● **What to do**:
Find the line with "On screen is" in the records below. Output exactly from there until after the line with "The a la carte", without pictures.

● **Records to use**:
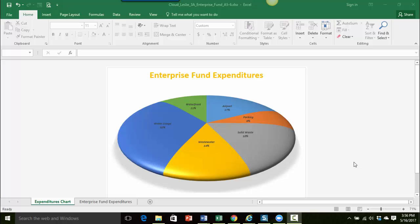Hey everyone! In this video we're going to be working with a 3D pie chart and we're actually going to rotate the pie chart to emphasize a different part of the chart.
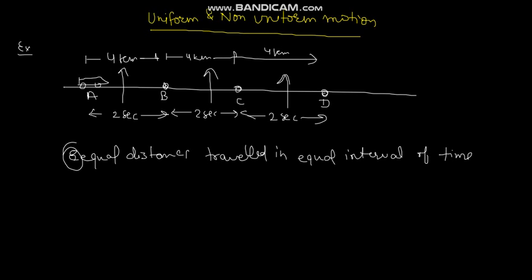For example, if the uniform speed is 60 kilometers per hour, the bike will travel 60 kilometers in every 1 hour. This is an example.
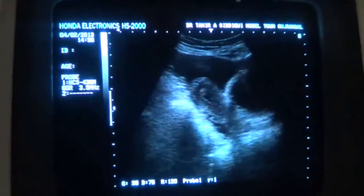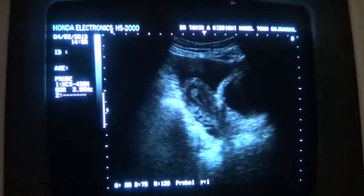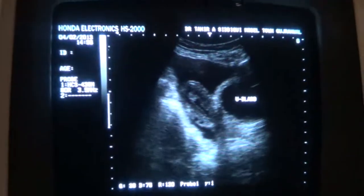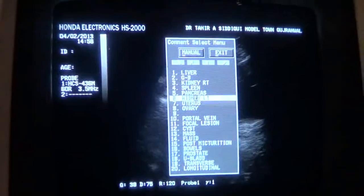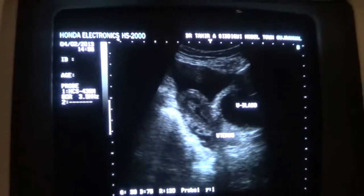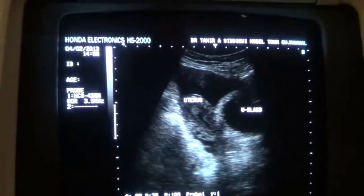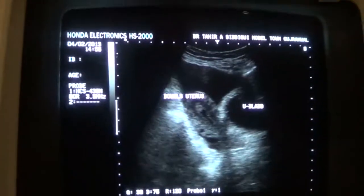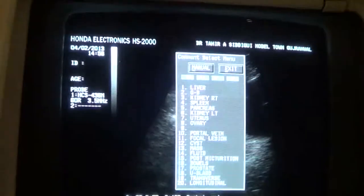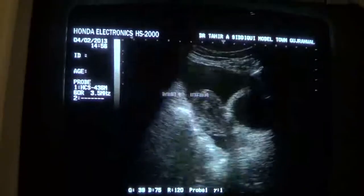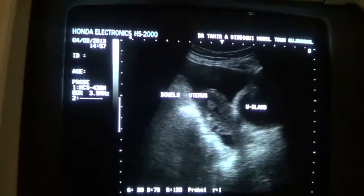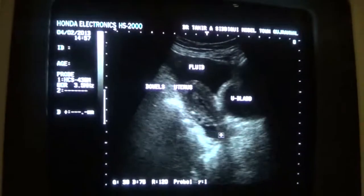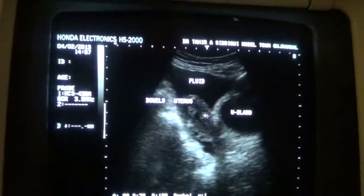On screen is a female pelvic scan. This is the urinary bladder, this is the uterus in longitudinal section, and these are bubbles floating in ascitic fluid. This is the ascitic fluid, and we are seeing the uterus through the ascitic fluid. This small slit-like black area is also fluid.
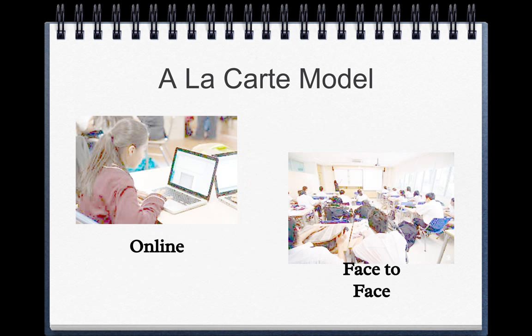The a la carte model is where a student takes an entirely online class or course, and they also are in a brick and mortar school or learning center. So they come to the school and they take their online courses right there at the school.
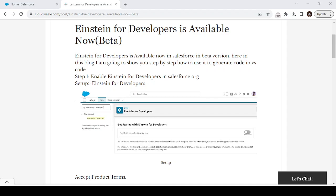Hello, welcome back to the Cloud Valley. In this video we are going to see how to use Einstein to generate code in VS Code. Like ChatGPT and other generative tools, we have Einstein for Developer now available in Salesforce. We can enable it in your developer org and also use it in VS Code.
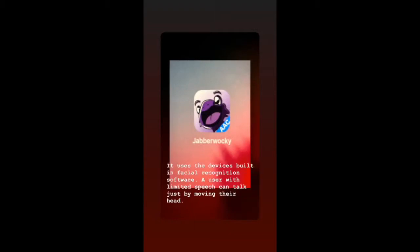One of BridgingApp's favorite apps, it's an AAC app, or alternative communication app. It uses the device's built-in facial recognition software and is referred to as a head tracking communication app for the iPad Pro.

● **Result of the task**:
On screen is a female pelvic scan. This is the urinary bladder, this is the uterus in longitudinal section, and these are bubbles floating in ascitic fluid. This is the ascitic fluid, and we are seeing the uterus through the ascitic fluid. This small slit-like black area is also fluid.
The a la carte model is where a student takes an entirely online class or course, and they also are in a brick and mortar school or learning center. So they come to the school and they take their online courses right there at the school.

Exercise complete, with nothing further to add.